## Information supplied:
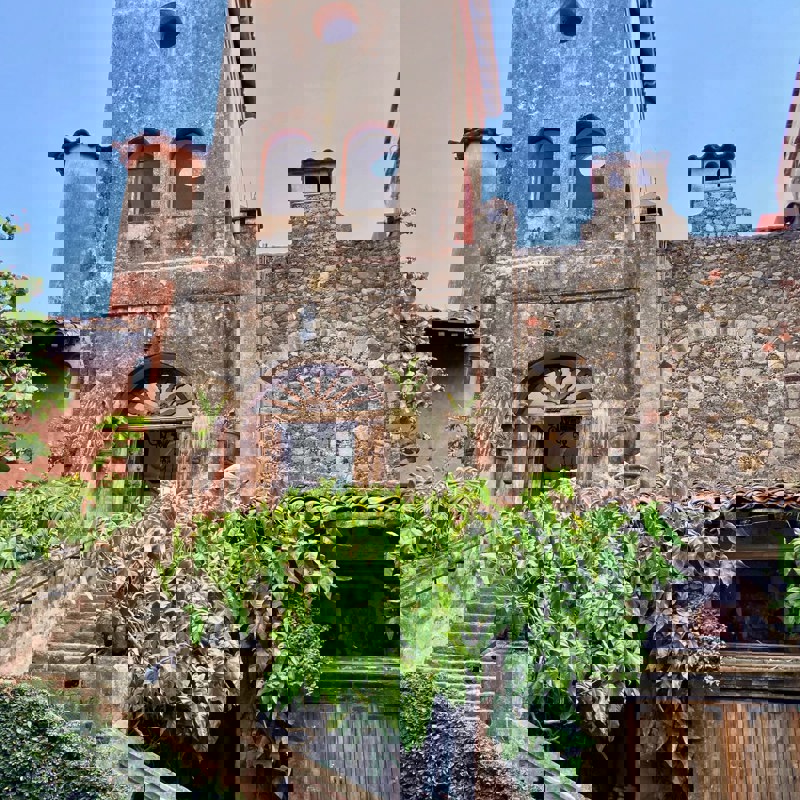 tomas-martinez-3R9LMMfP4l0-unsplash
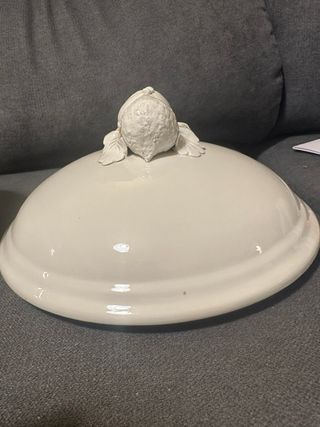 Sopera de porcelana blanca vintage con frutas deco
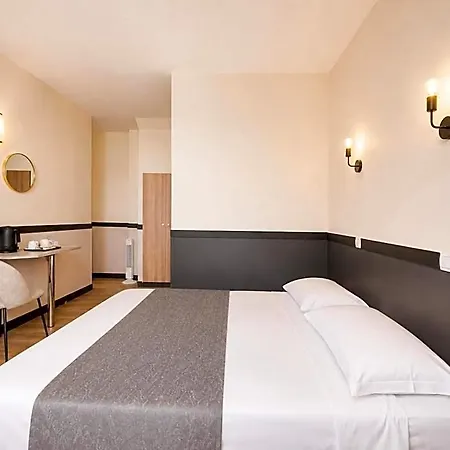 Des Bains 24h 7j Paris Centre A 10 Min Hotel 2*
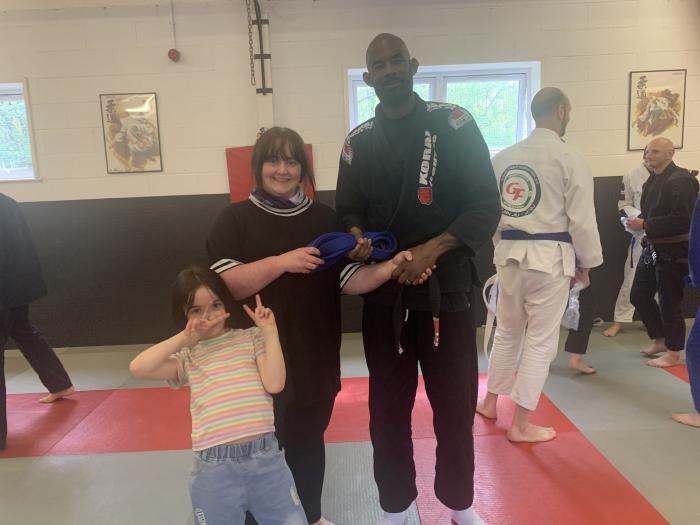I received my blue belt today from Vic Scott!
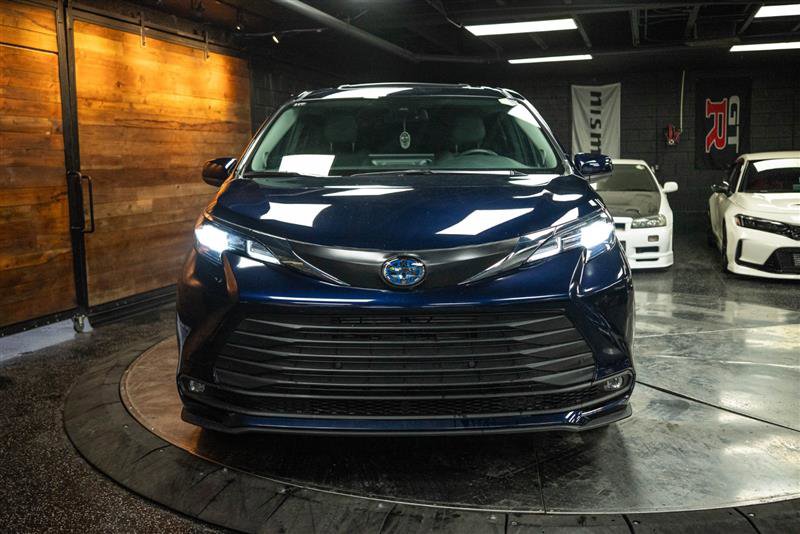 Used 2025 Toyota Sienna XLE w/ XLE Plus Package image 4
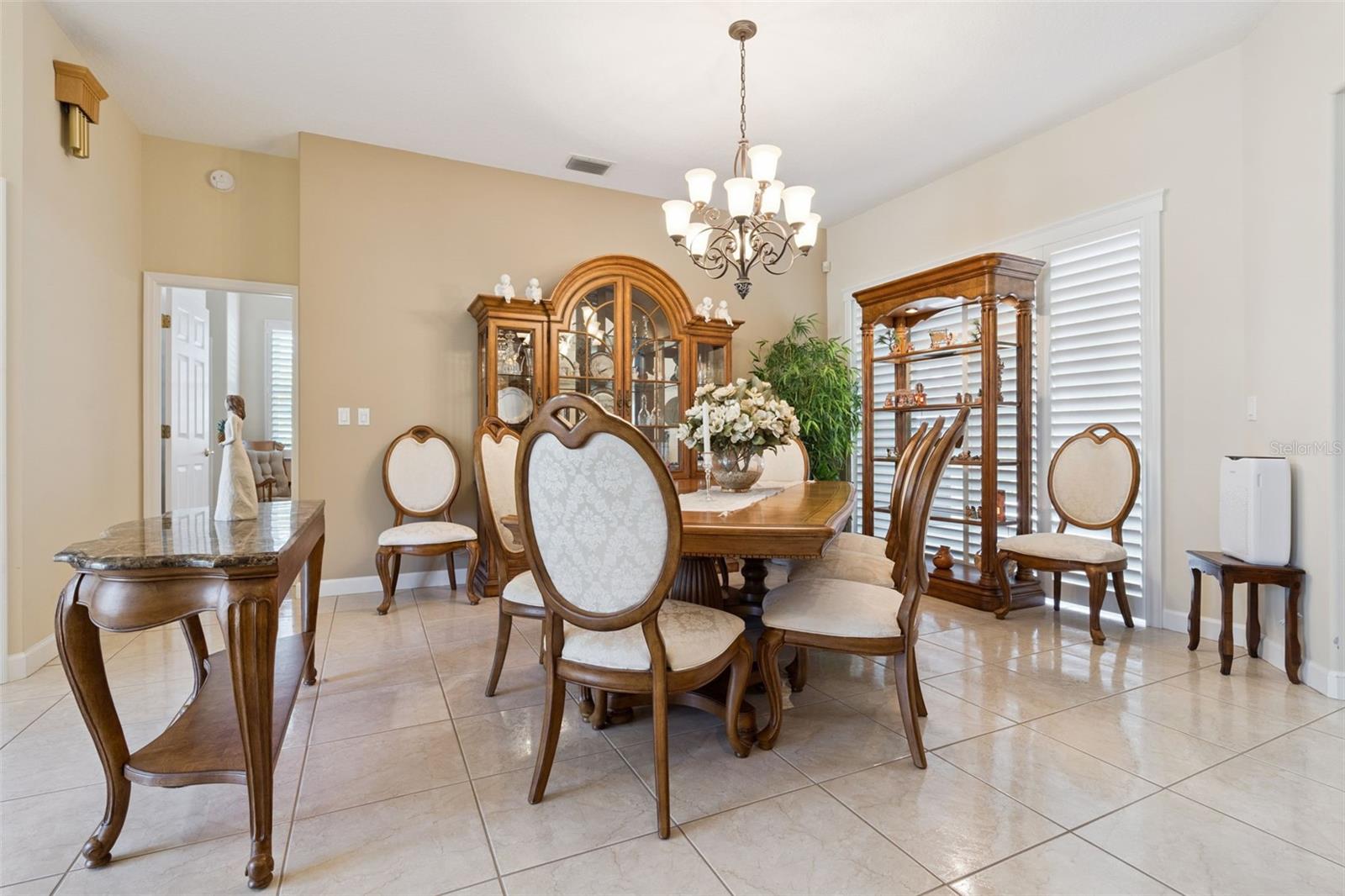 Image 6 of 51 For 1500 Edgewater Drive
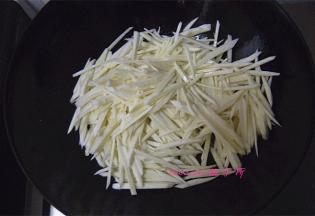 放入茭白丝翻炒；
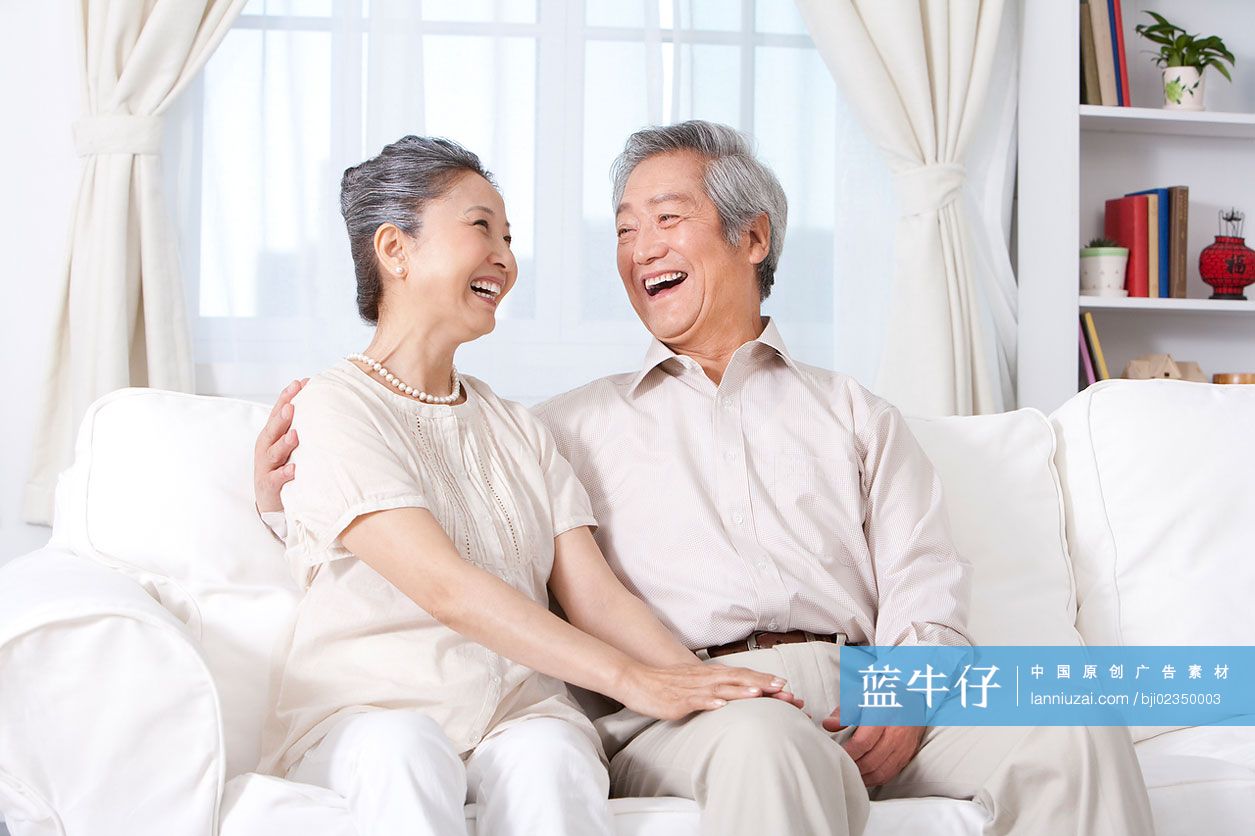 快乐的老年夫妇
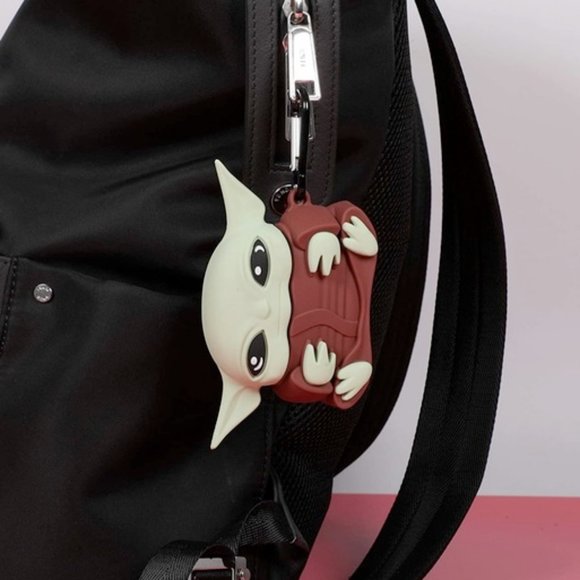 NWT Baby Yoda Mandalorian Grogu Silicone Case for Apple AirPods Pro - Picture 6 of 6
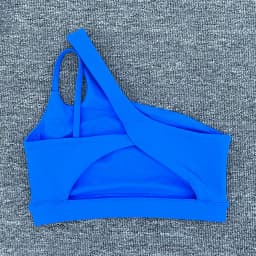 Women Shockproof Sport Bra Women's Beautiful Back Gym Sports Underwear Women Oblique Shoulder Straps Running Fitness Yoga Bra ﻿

## Task details:
Starting with the line that has "Image 6 of 51 For 1500 Edgewater Drive" and ending with the line that has "NWT Baby Yoda", repeat the lines above exactly, omitting every picture.

## Reply to the task:
 Image 6 of 51 For 1500 Edgewater Drive
 放入茭白丝翻炒；
 快乐的老年夫妇
 NWT Baby Yoda Mandalorian Grogu Silicone Case for Apple AirPods Pro - Picture 6 of 6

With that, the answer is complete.